本当はもっとたくさんあるかもしれない。いや、間違いなくある。でも、今書いている時点で思ったのはその一つだから、この気持ち、ウソではない。言葉の綾。別に構いませんよね。
人の失敗談はとにかく大好き。毎日がぶ飲み。二リットルは摂取したい。そこから何かを学び取り、人間としてちまちま成長していっていればきっと、明治が始まった時点では華族に序列されていただろう。
だから、先祖に対しては怒りを覚えている。なぜ君たちはもっとちゃんとしてこなかったのだ! と。

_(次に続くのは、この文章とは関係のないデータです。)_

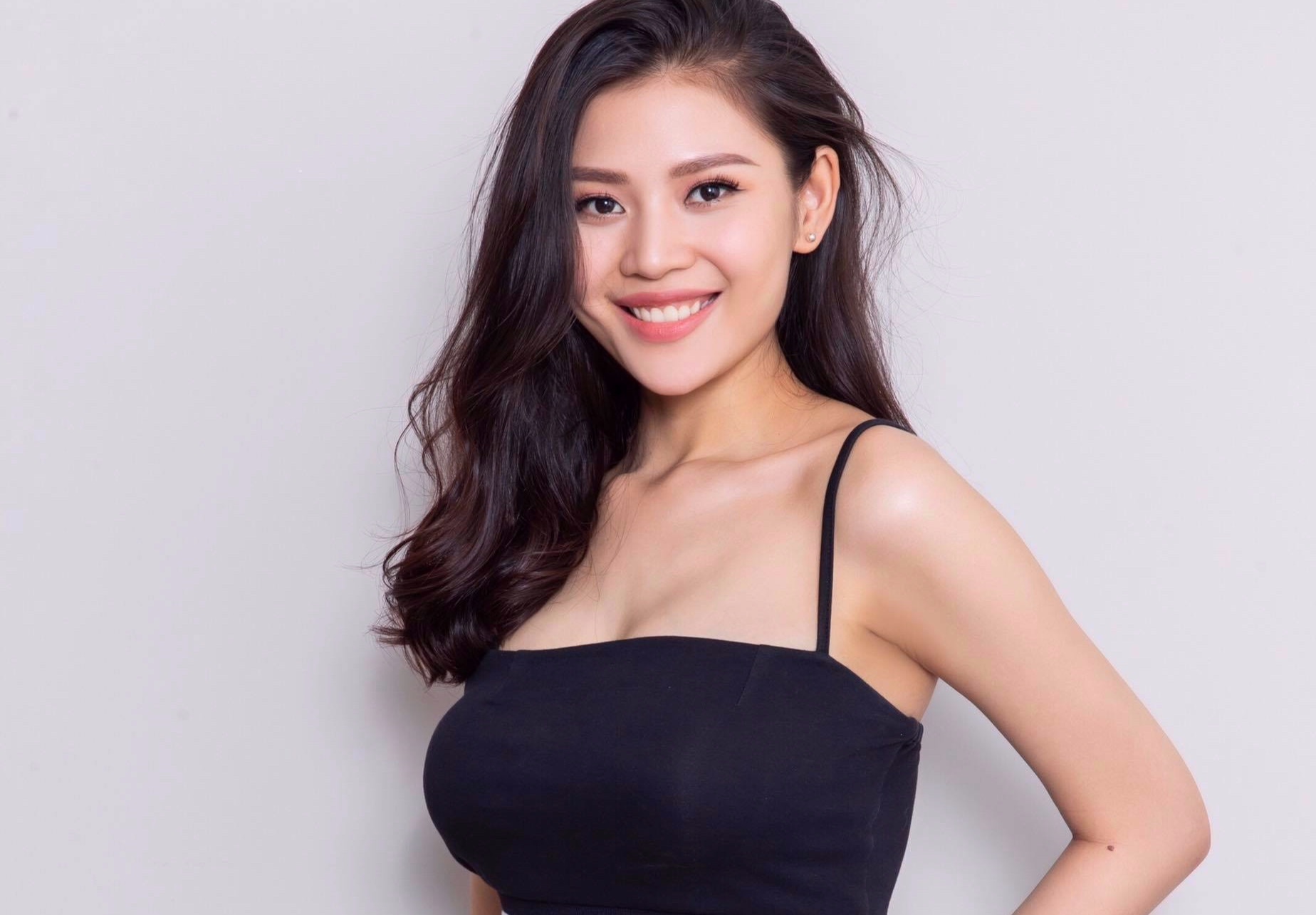 Nguoi mau Chung Huyen Thanh: 'Toi chi o cu 1 thang sau sinh' hinh anh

他人の失敗をげらげら笑って、あー今日もええ日やったなぁーさあ晩飯何食べよ? とやり続けてきた結果がこれだ。学べ! 今からでも遅くはない! 百年後にはパワハラをしない優しい兵庫県知事ぐらいにはなれるかもしれない!
しかしまあ、おそらく同じことを子孫に言われる。維新回天の小豆沢家も、令和の小豆沢家もこれといって精神が成長していないからだ。
つい、二週間ほど前の話だ。
「あいつほんまアホやねん。ゴルフの練習やー言うて、家の中でええ気持ちで一番ウッド振り回してて、ついにでっかい窓にヘッドぶつけて粉々に割ったらしいで!」
夕食の場、兄がスタンダップコメディアンのように大きな身振りで友人の失敗談を説明する。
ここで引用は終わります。